Les rénovations à l’aide de matériaux résistant au feu réduisent les voies d’inflammation, ce qui permet de gagner du temps pour les bâtiments et les personnes en cas d’incendie. Le remplacement des composants vulnérables de l’enveloppe du bâtiment et des structures environnantes (toits, parement, évents, terrasses, clôtures) par des assemblages résistants au feu réduit la pénétration des braises et le contact direct avec les flammes, les principales causes de perte de structures dans les incendies en milieu périurbain.
Pour les petites collectivités et les collectivités rurales qui sont confrontées à des délais de réaction plus longs aux feux de forêt et à des capacités d’intervention limitées en cas d’urgence, les rénovations ciblées de matériaux sont un moyen rapide et efficace de réduire les risques pour les installations prioritaires.
Ce guide présente les principales étapes, les meilleures pratiques, des renseignements sur les coûts et des études de cas pour aider les municipalités à planifier et à réaliser des projets d’installation de matériaux résistant au feu.
Principales étapes d’une mise en œuvre réussie
- Déterminer les bâtiments et les zones prioritaires : Commencer par des sites desservant la collectivité comme les cliniques, les centres communautaires et les bibliothèques, et une zone non combustible de 0 à 1,5 mètre au niveau des fondations, des terrasses et des annexes
- Choisir des matériaux conformes : Utiliser des assemblages non combustibles ou de classe A pour la toiture, le parement, les soffites, les évents et les terrasses (p. ex., bardeaux métalliques ou de classe A; stuc/brique/fibrociment; évents métalliques avec un treillis de trois millimètres)

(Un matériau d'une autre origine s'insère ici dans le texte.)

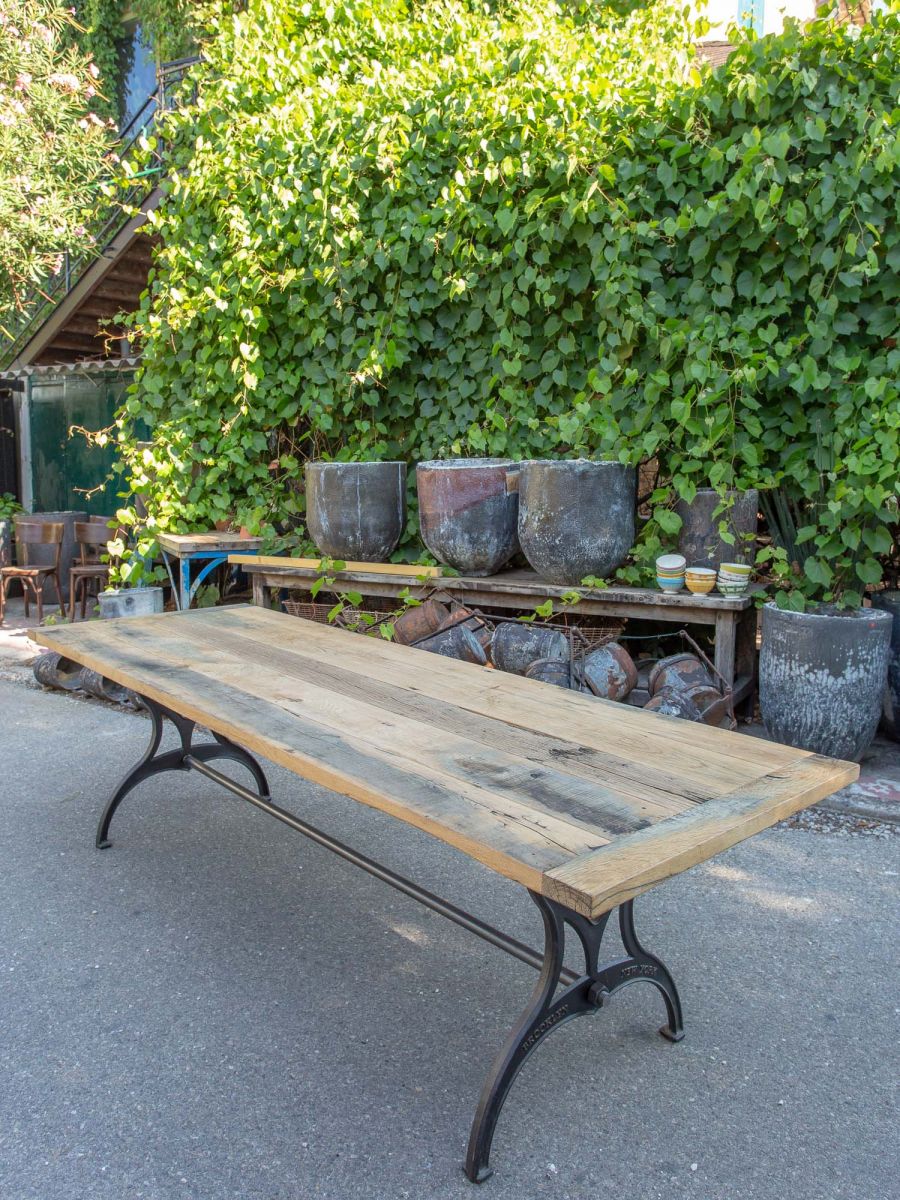 grande table industrielle plateau ancien chene massif pietement fonte – Image 9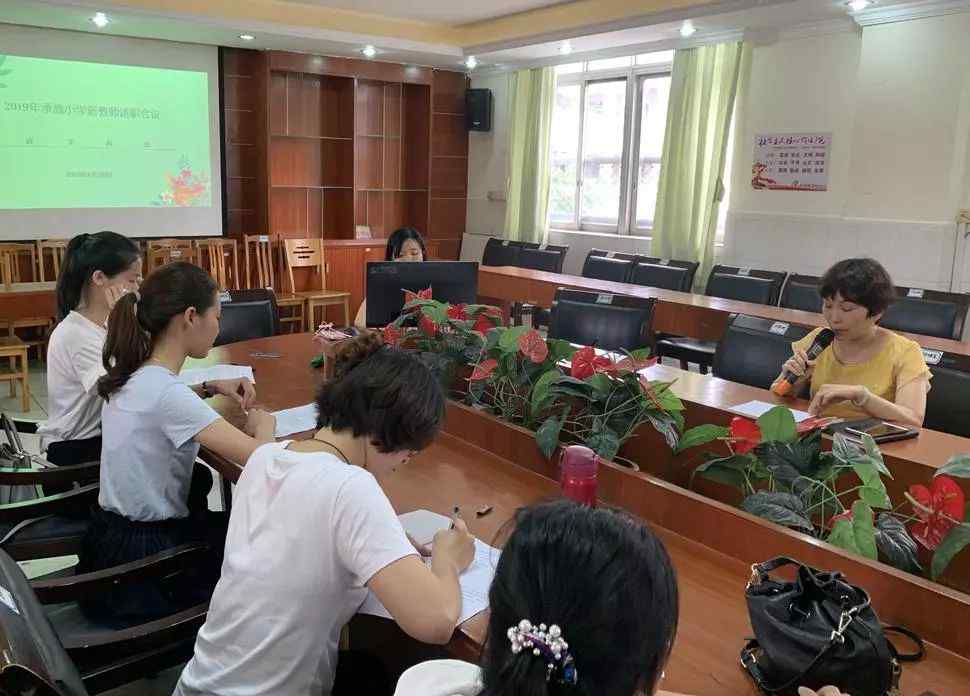 小學教師年度述職 不忘初心，砥礪前行 ——記北滘鎮(zhèn)承德小學召開2018學年新教師述職會議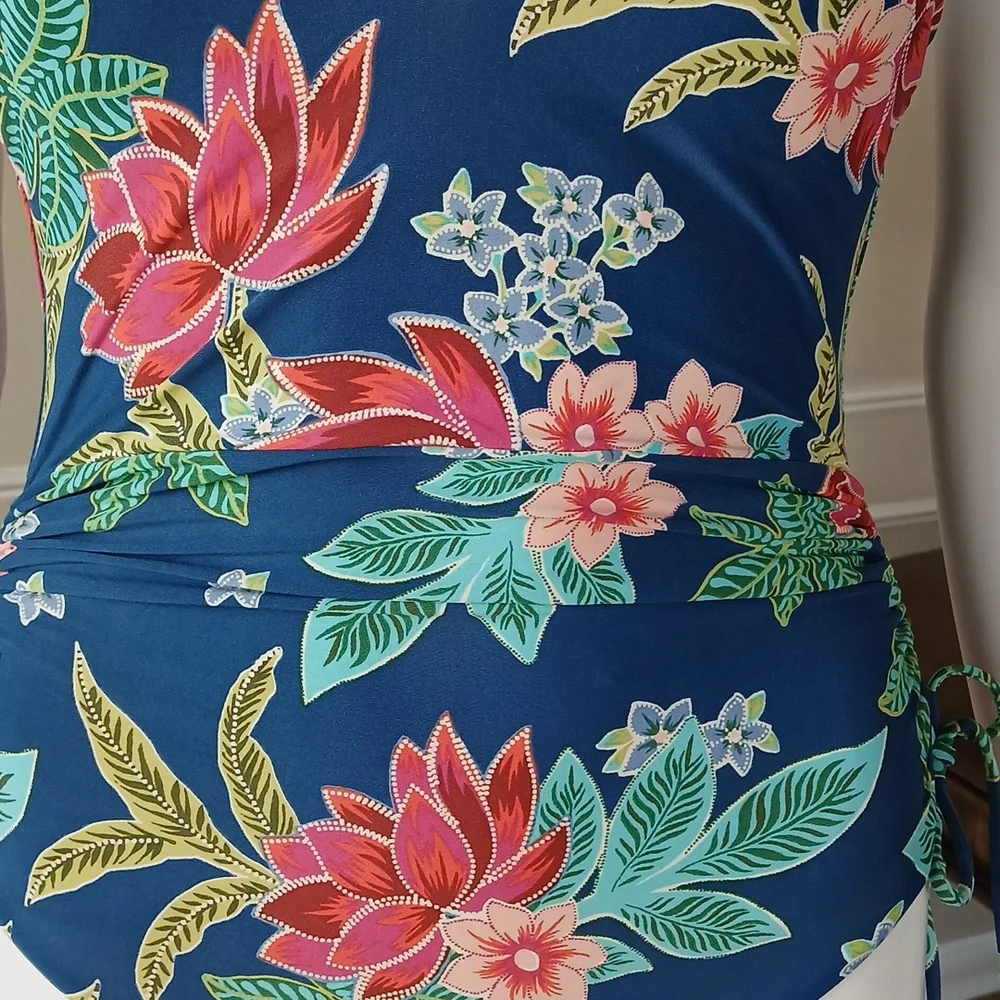 Women's Atlantic Tropical Floral Blue One-piece Swimsuit. Size M - Picture 15 of 17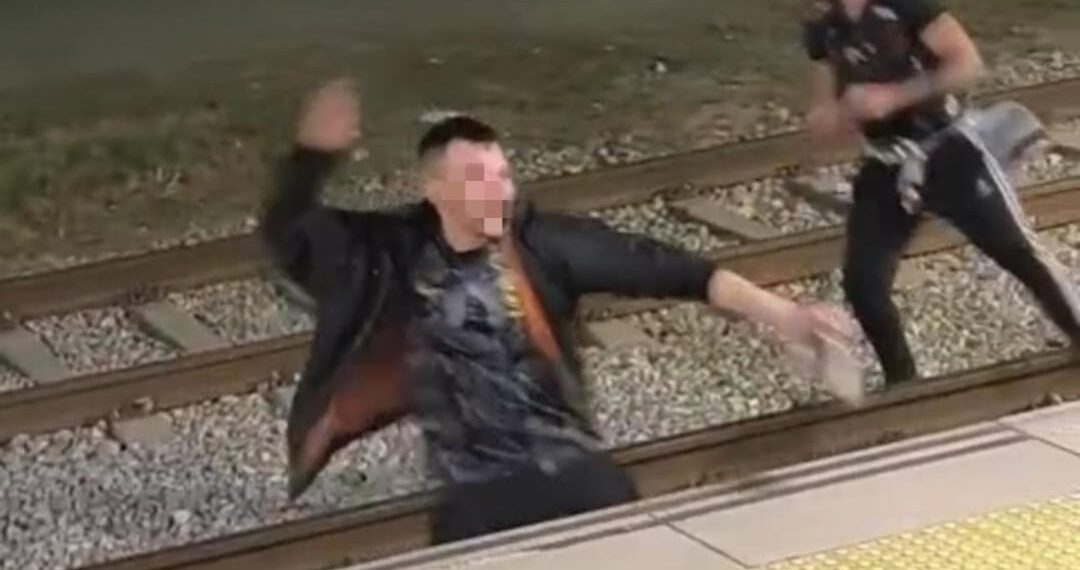 La grave agresión que sufrieron los  vigilantes de seguridad en un tren de la línea R2 Nord termina con un trabajador herido de gravedad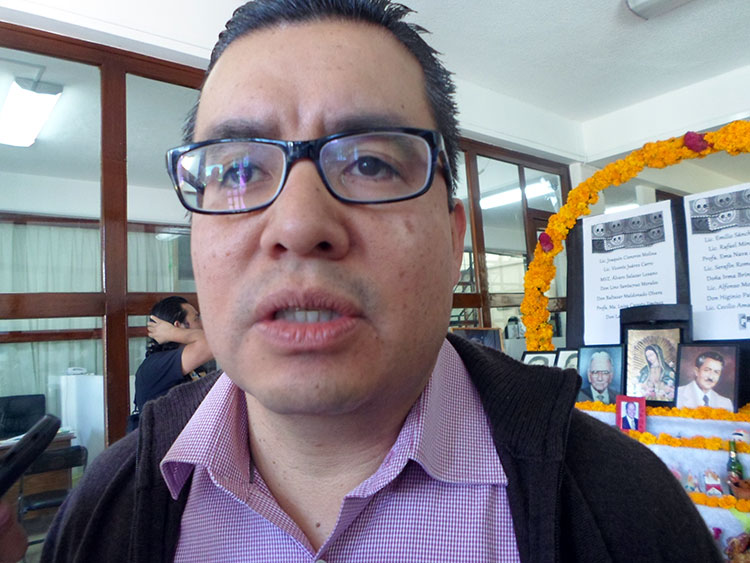 Ricardo, el dueño de los puestos de gobierno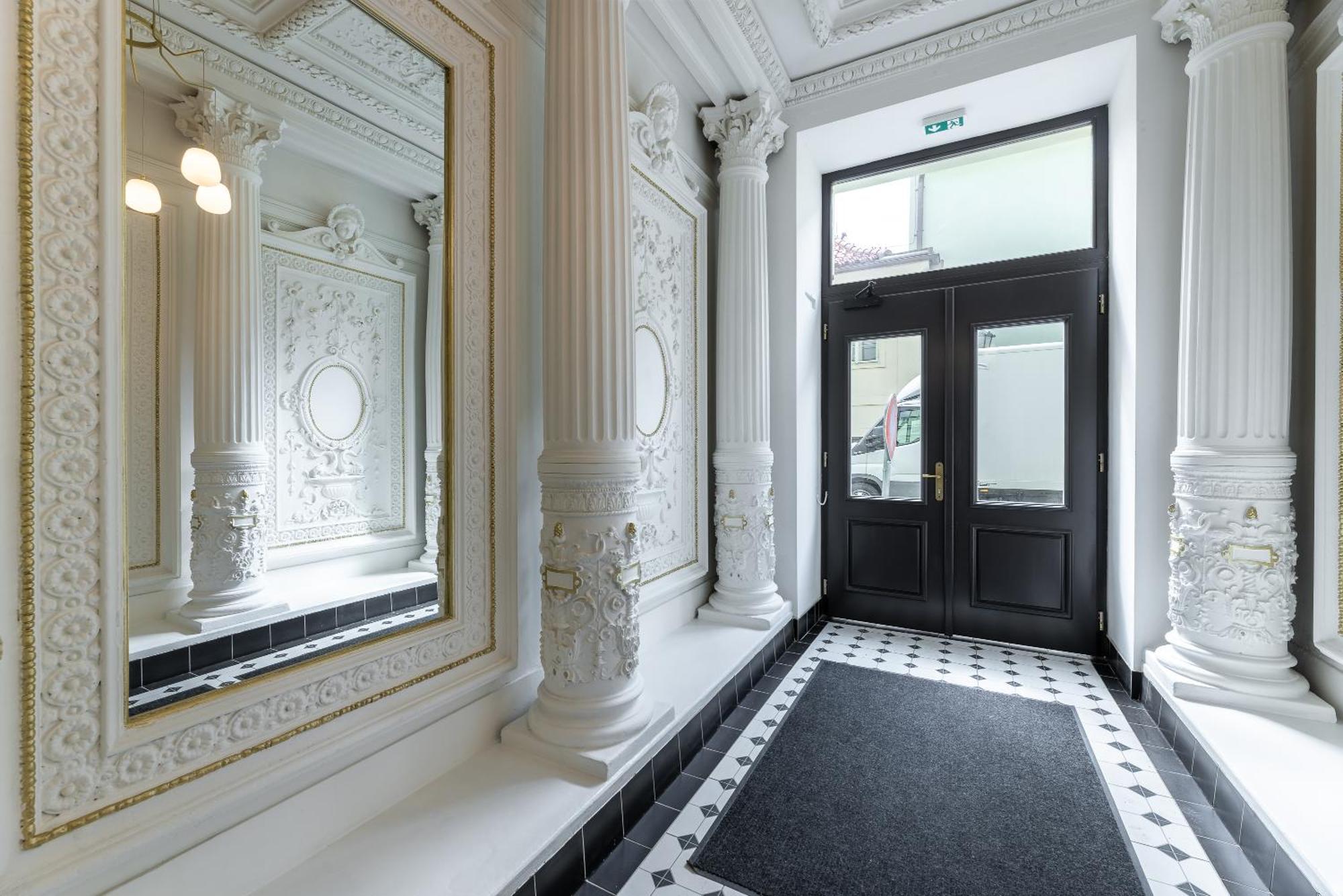 Modern Urban Room In The City Center Of Praga Exterior foto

- Détaillage pour la résistance aux braises : Fermer le dessous des terrasses, grillager les évents et les ouvertures, bloquer les soffites/bordures de toit et enlever le paillis combustible qui se trouve contre les murs
- Autoriser, obtenir et organiser les travaux : Respecter les lignes directrices nationales1 et locales; regrouper les travaux de petite étendue, comme les toits et les évents, pour réduire les coûts de mobilisation
- Inspecter et entretenir : Prévoir des contrôles annuels des joints d’étanchéité, des grilles et des solins; maintenir les zones exemptes de combustibles fins
Meilleures pratiques en matière de conception et de mise en œuvre
- Choisir des assemblages qui ont fait leurs preuves : Privilégier le stuc, la brique ou le parement en fibrociment; les bardeaux de toiture métalliques ou de classe A; les bordures de toit et les soffites non combustibles; les évents métalliques munis d’un treillis de trois millimètres; et les terrasses ou les bases de terrasses fermées résistantes au feu
- Prévoir une conception abordable et facile à entretenir : Choisir des produits facilement disponibles et reconnus par le code (p. ex., fibrociment, métal) et des détails simples que les équipes peuvent facilement entretenir
- Utiliser des listes et modèles municipaux : Accéder à des modèles régionaux ou provinciaux (p. ex., via AchatsCanada2 ou InfraGuide3) ou documenter les pratiques actuelles du projet pour créer des outils de référence internes
Considérations relatives à l’équité et aux collectivités
- Privilégier les installations qui desservent les personnes les plus à risque en cas d’urgence : La modernisation des bâtiments publics comme les cliniques et les logements sociaux; des améliorations telles que des toits, des évents et des parements résistants au feu peuvent aider ces installations à servir de refuges d’air pur, chaud ou frais en cas d’urgence
- Allier les rénovations à l’éducation du public : Utiliser les projets de rénovation pour sensibiliser le public aux risques de feux de forêt et au rôle des infrastructures résilientes
- Renforcer les capacités locales : Dans la mesure du possible, faire appel à des fournisseurs locaux et proposer des formations pour faciliter le développement de la main-d’œuvre et la résilience économique
Renseignements sur les coûts et le budget
L’installation de matériaux résistants au feu peut coûter entre 30 $ et 400 $ par mètre carré d’enveloppe de bâtiment, selon le type de bâtiment, le choix des matériaux et la complexité de la rénovation.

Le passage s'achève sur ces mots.